DIRECTIONS: Each line below must be set down exactly; omit any image you find.

AVAILABLE DATA:

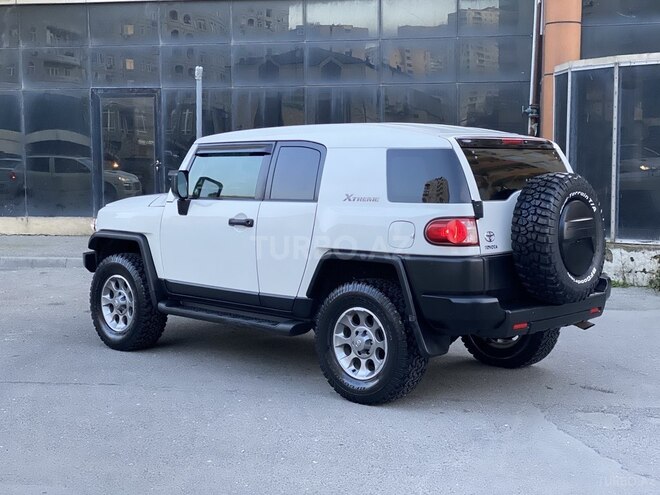 Toyota FJ Cruiser 2011, 105,000 km - 3.4 л - Bakı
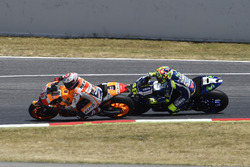 Marc Marquez, Repsol Honda Team, sorpassa Valentino Rossi, Yamaha Factory Racing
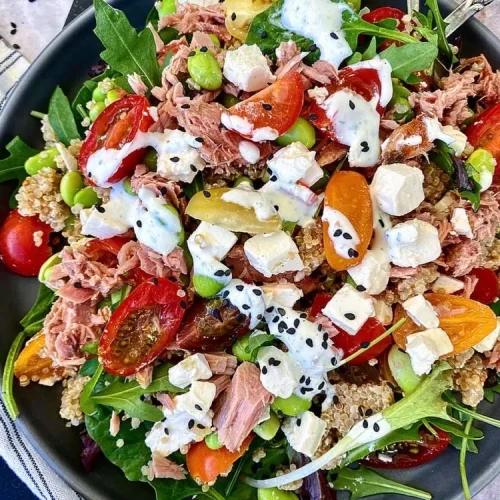 Måltidssalat med quinoa, tomater, tun og basilikumcreme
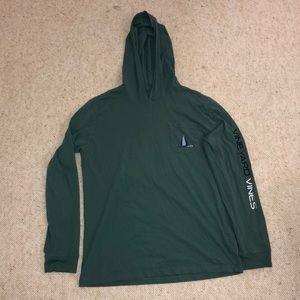 Green vineyard vines sweat shirt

SOLUTION FOR THIS PROBLEM:
 Toyota FJ Cruiser 2011, 105,000 km - 3.4 л - Bakı
 Marc Marquez, Repsol Honda Team, sorpassa Valentino Rossi, Yamaha Factory Racing
 Måltidssalat med quinoa, tomater, tun og basilikumcreme
 Green vineyard vines sweat shirt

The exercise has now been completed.